Instinctively, I fished it out. I know. Gross, gross, GROSS!!! But, I couldn’t help it. It was one of those buttons. It was a really nice, red fabric covered button that I know I could never, ever find a matching one if one were to fall off my sweater to which it belonged.

I couldn’t flush it, could I? That would be paramount to … oh, I don’t know … treason or embezzlement or perjury or something equally heinous.

No, I would remain loyal to my button.
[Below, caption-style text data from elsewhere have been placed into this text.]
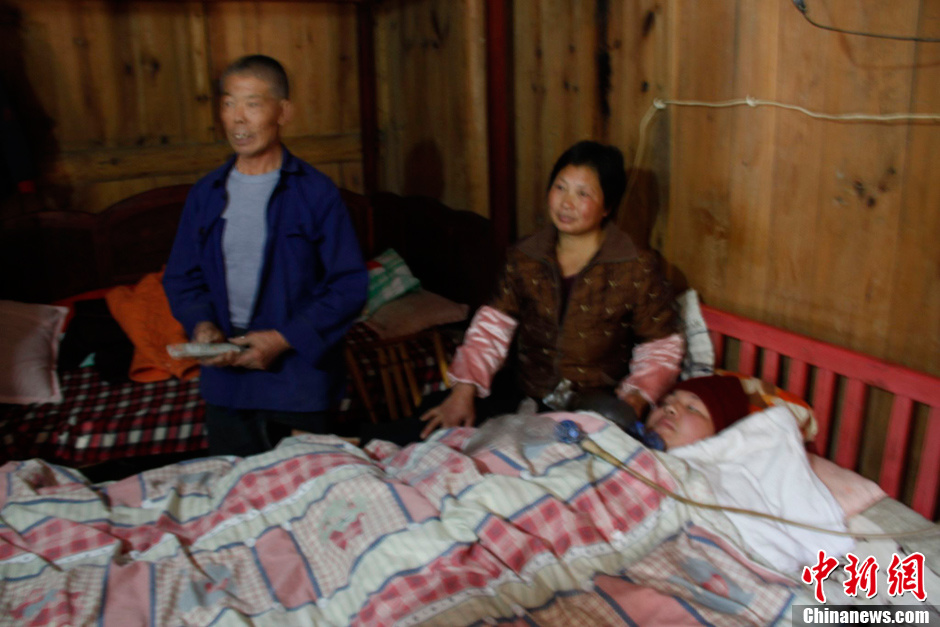 父母為癱瘓兒子自制呼吸機 手捏呼吸球5年不輟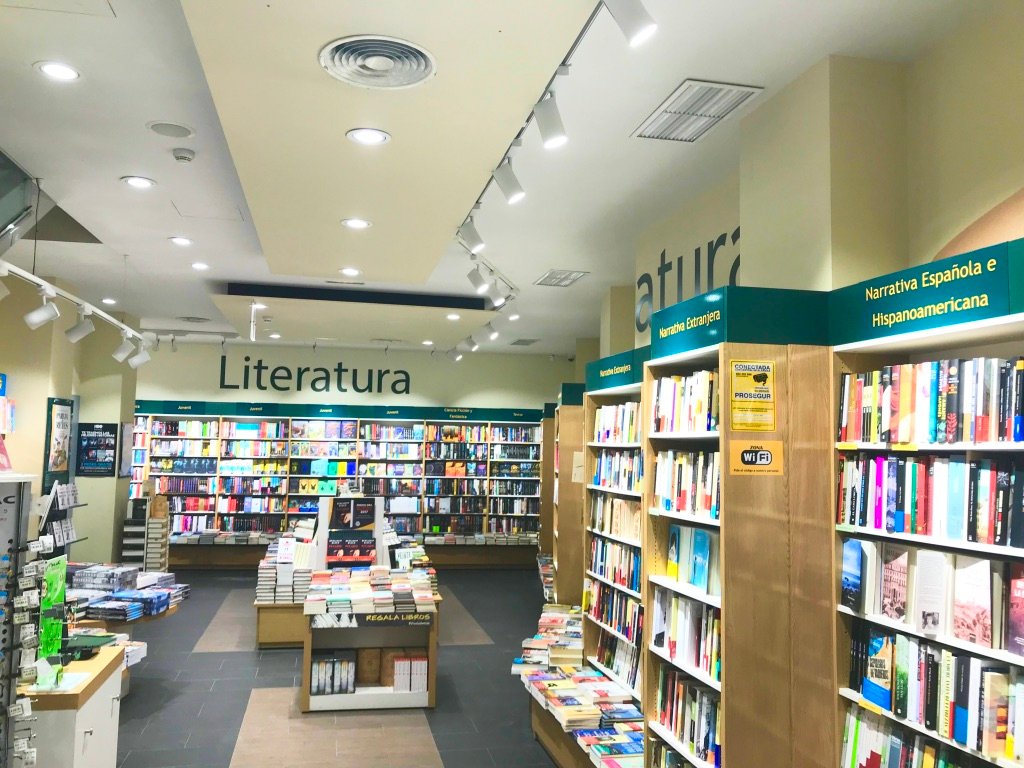 Las Mejores Librerías de Málaga: 1 Viaje Literario 3 Wine Gogh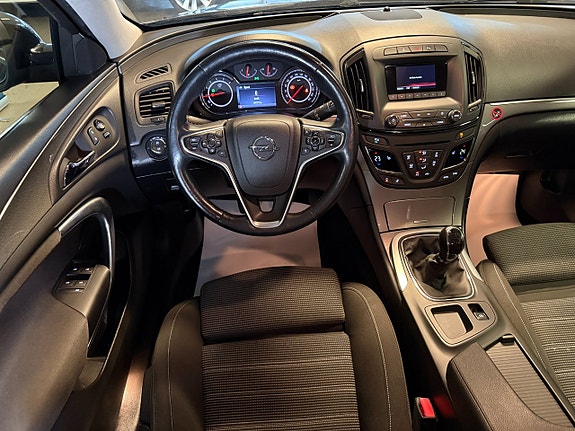 Opel Insignia 11 of 14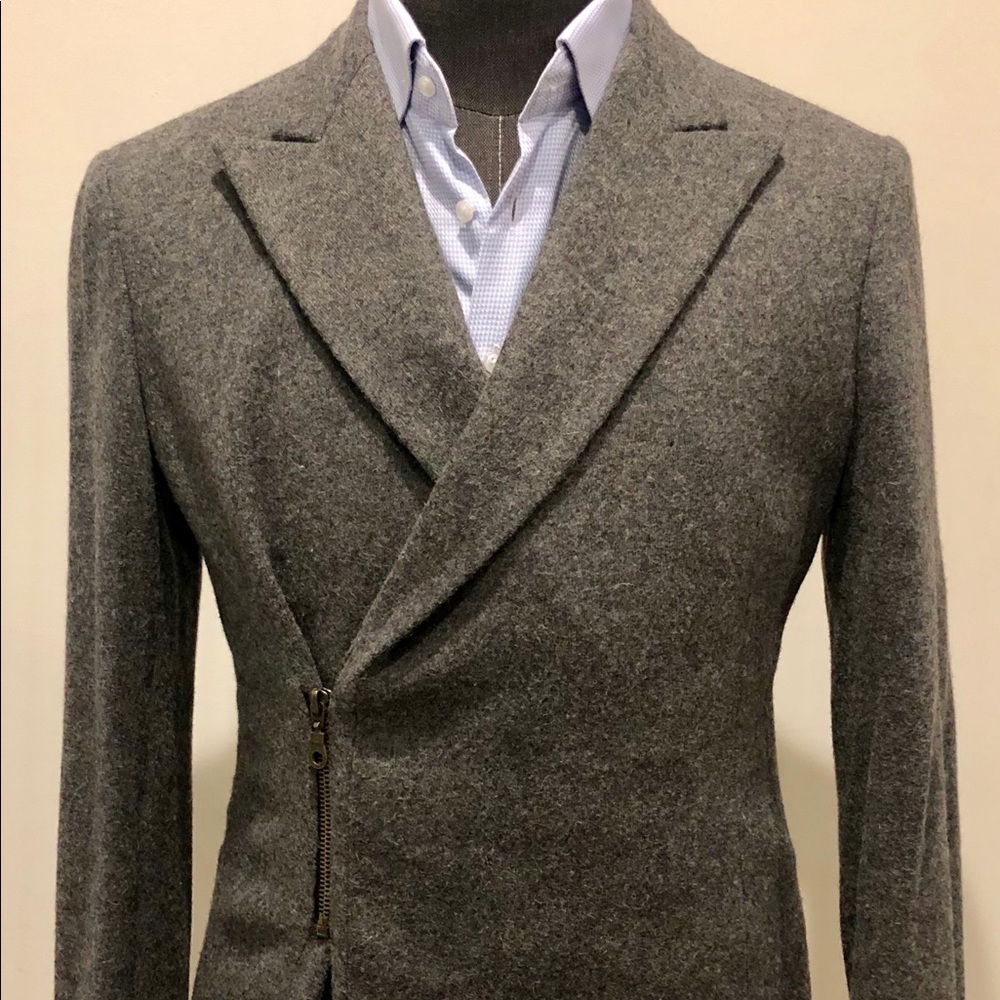 Grey cashmere blazer with side zipper closure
So, quickly and oh, so gingerly, I fished it out with the tiniest square footage of the tips of my fingers AND it was only in there for less than ten seconds, so it wasn’t completely infected, right?

I then washed it and my hands super-duper well with hot, soapy water.

(Sigh.) No harm, no foul. I was kind of proud, actually. I had done my civic duty and rescued the button.

Except now there was one thing to contend with:

THAT BUTTON HAS BEEN IN THE TOILET. EWWWWWWWWWWW!!!!

Finally, logic triumphed over my crazy psychological tendencies: I’ll NEVER need it anyway. I’ve only worn that sweater once, and it doesn’t even fit well.

I threw that horribly gross thing in the trash.

Yes, finally, reason prompted me to do the reasonable thing.

Well, OK, that and my husband’s exclamation: “Yuck! It fell in??? Why didn’t you just throw it away???”